• DATA EXCERPTS
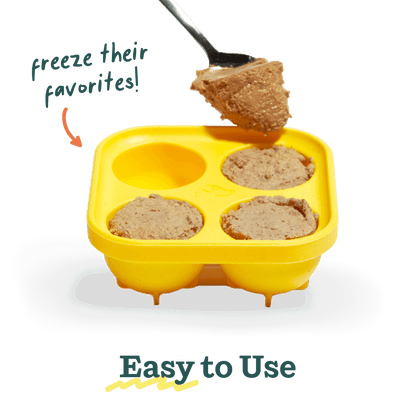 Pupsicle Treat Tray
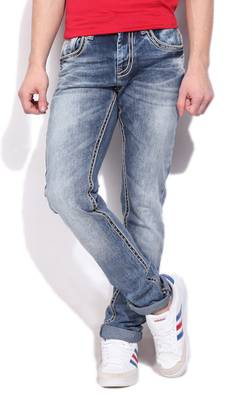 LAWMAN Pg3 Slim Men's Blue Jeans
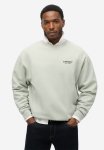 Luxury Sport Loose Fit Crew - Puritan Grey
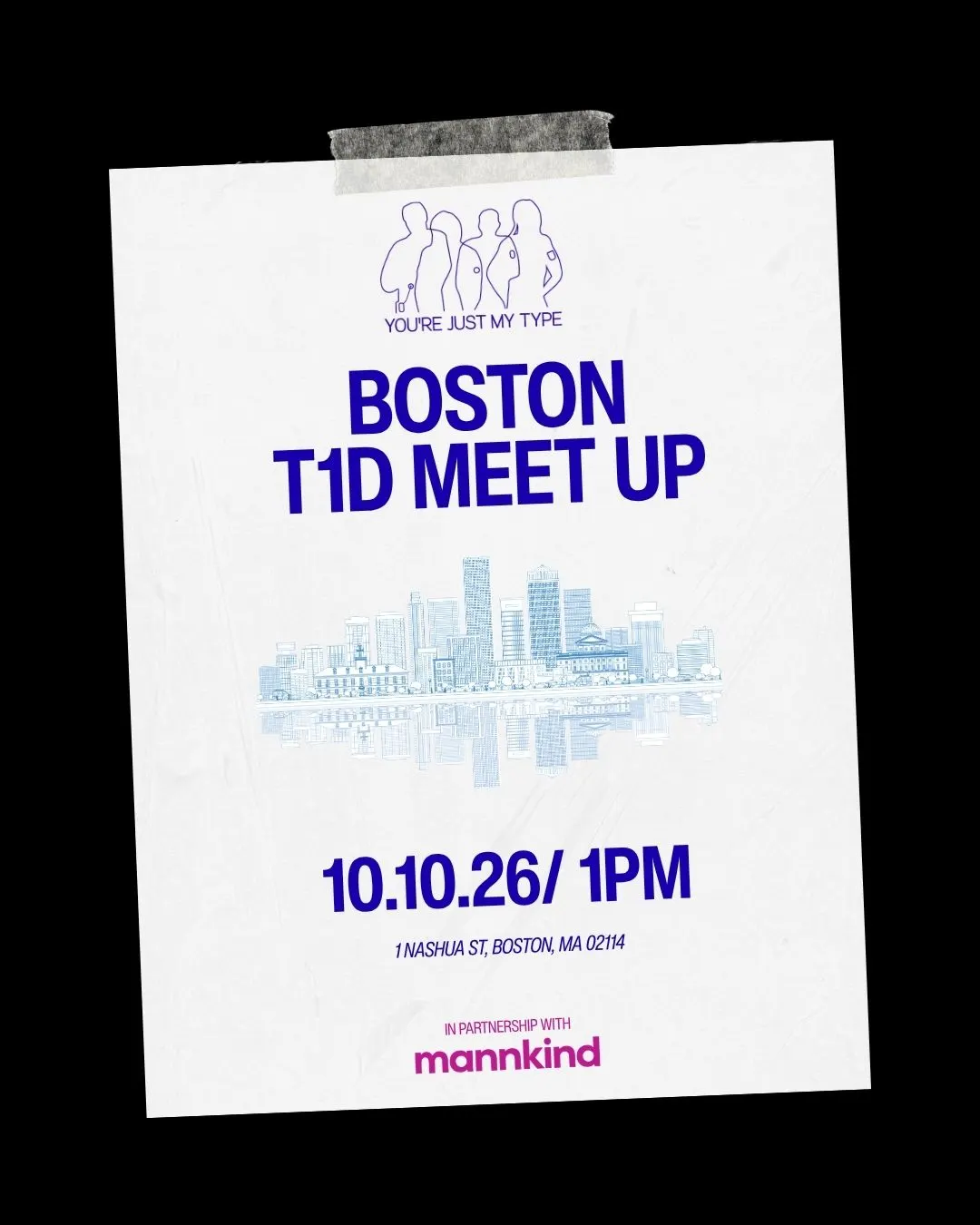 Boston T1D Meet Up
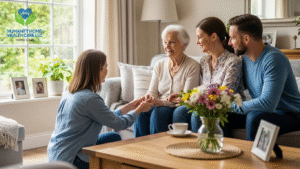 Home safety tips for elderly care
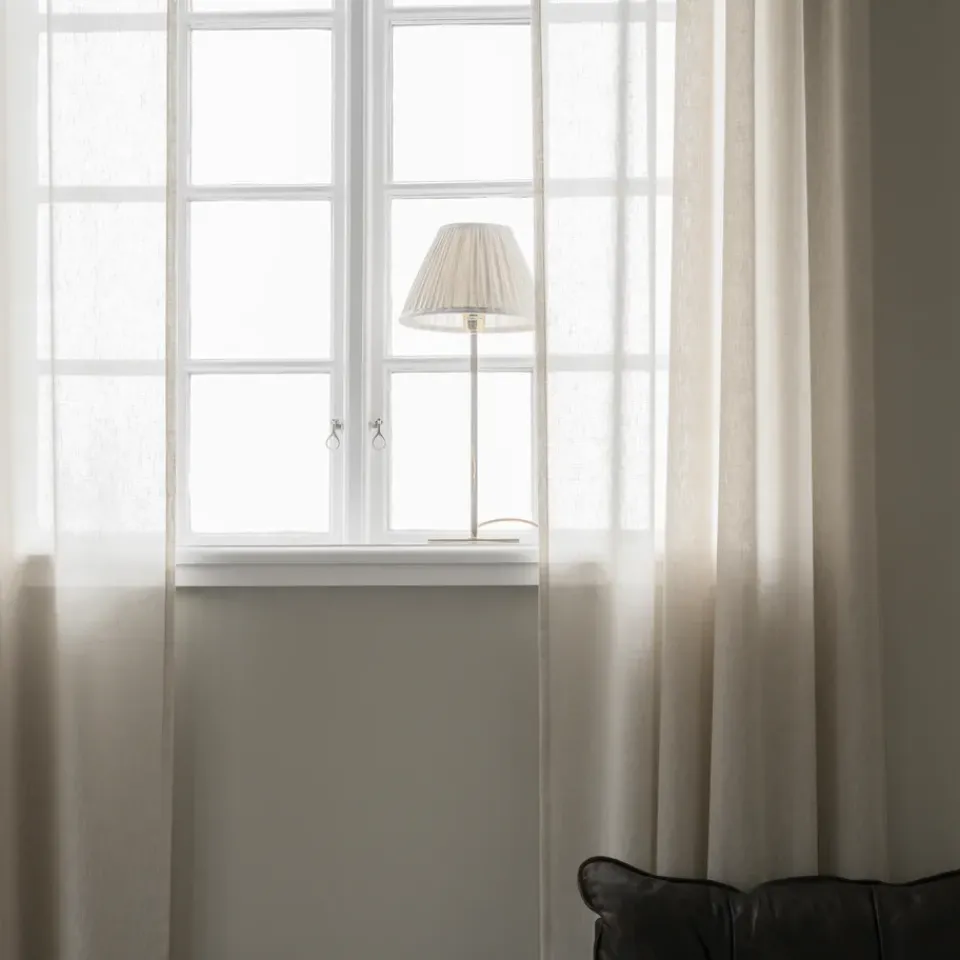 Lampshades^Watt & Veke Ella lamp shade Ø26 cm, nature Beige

• WHAT IS NEEDED
Each line from the one that holds "Boston T1D Meet Up" through the final line of the data must be retyped exactly; the pictures must not appear.

• WRITTEN REPLY
 Boston T1D Meet Up
 Home safety tips for elderly care
 Lampshades^Watt & Veke Ella lamp shade Ø26 cm, nature Beige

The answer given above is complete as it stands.